In many states, those interventions are being provided by criminal justice personnel, including probation officers, partly because of “an absence of [psychiatrists’] understanding, willingness, or ability to step forward.” The JPLI primer is designed to “really amp up our own excitement about, and willingness to learn how to develop interventions to help that individual stay out of trouble,” and it includes detailed descriptions of numerous well-researched, standardized, manualized interventions that people can access that make it less likely for them to have criminal justice access going forward, he said.
Those include programs such as “Thinking for a Change,” “Reasoning and Rehabilitation,” “Moral Reconation Therapy,” and “Interactive Journaling.”
A focus on the Sequential Intercept Model, which describes how individuals move through the criminal justice system, illustrates multiple points where psychiatrists can “do things better and differently to intervene,” he said, noting that the primer includes a framework for prioritizing the target population, and validated screening and assessment tools, including tools to help corrections officers identify mental health/substance abuse/criminogenic issues at the time individuals are booked into jail so they can be referred for appropriate interventions.
Achieving positive public health and safety outcomes requires changes to policy and practice, Dr. Osher said.

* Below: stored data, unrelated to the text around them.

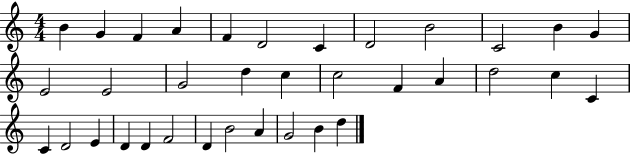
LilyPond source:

{
  \clef treble
  \numericTimeSignature
  \time 4/4
  \key c \major
  b'4 g'4 f'4 a'4 | f'4 d'2 c'4 | d'2 b'2 | c'2 b'4 g'4 | \break e'2 e'2 | g'2 d''4 c''4 | c''2 f'4 a'4 | d''2 c''4 c'4 | \break c'4 d'2 e'4 | d'4 d'4 f'2 | d'4 b'2 a'4 | g'2 b'4 d''4 | \break \bar "|."
}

The JPLI primer is a step toward making such changes, and with it comes a set of four principles:
1. Conduct universal risk, substance use, and mental health screening at booking, and full assessments as appropriate, he said, noting that “13 million times this year (9 million unduplicated count), 2 million folks with serious mental illness are going to be arrested and brought to jail. Let’s make sure they get assessed, identified, and then a plan can be made.”

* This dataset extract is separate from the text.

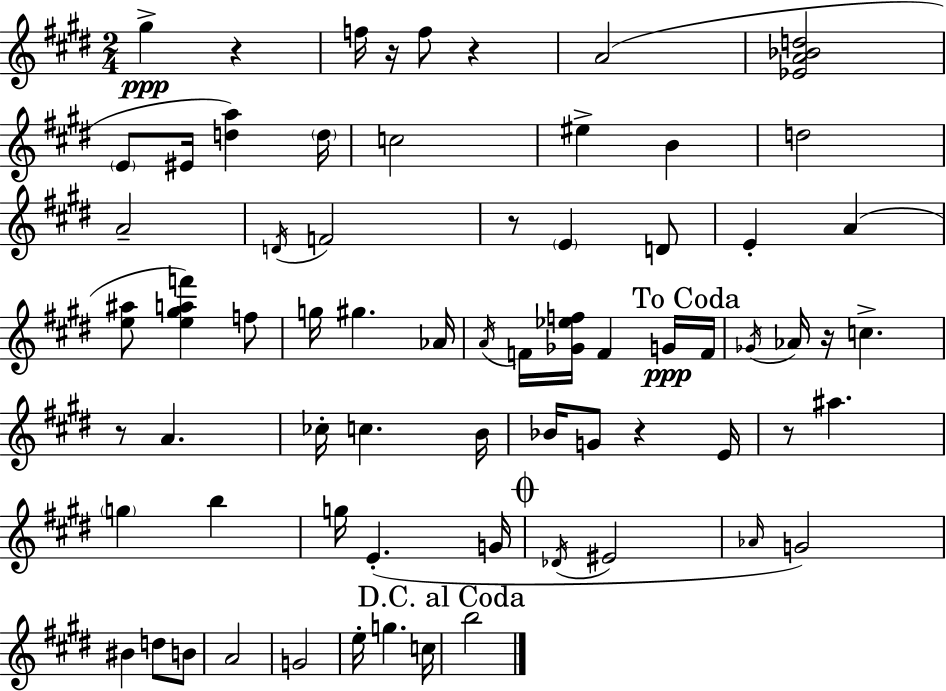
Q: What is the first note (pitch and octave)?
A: G#5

2. Get relevant information into the hands of decision makers in time to inform pretrial release decisions. For example, knowing if someone is eligible for a mental health court could lead to that person’s receiving necessary support and supervision, he said.
3. Use assessment information to connect people to appropriate jail-based services and post-release services and supervision, and ensure that there is communication between the two.
4. Ensure services and supervision are evidence based and hold systems accountable by measuring outcomes.
In addition, the goal is to partner with the criminal justice system through information-sharing agreements and integrating dynamic criminogenic risk factors into treatment plans, he said.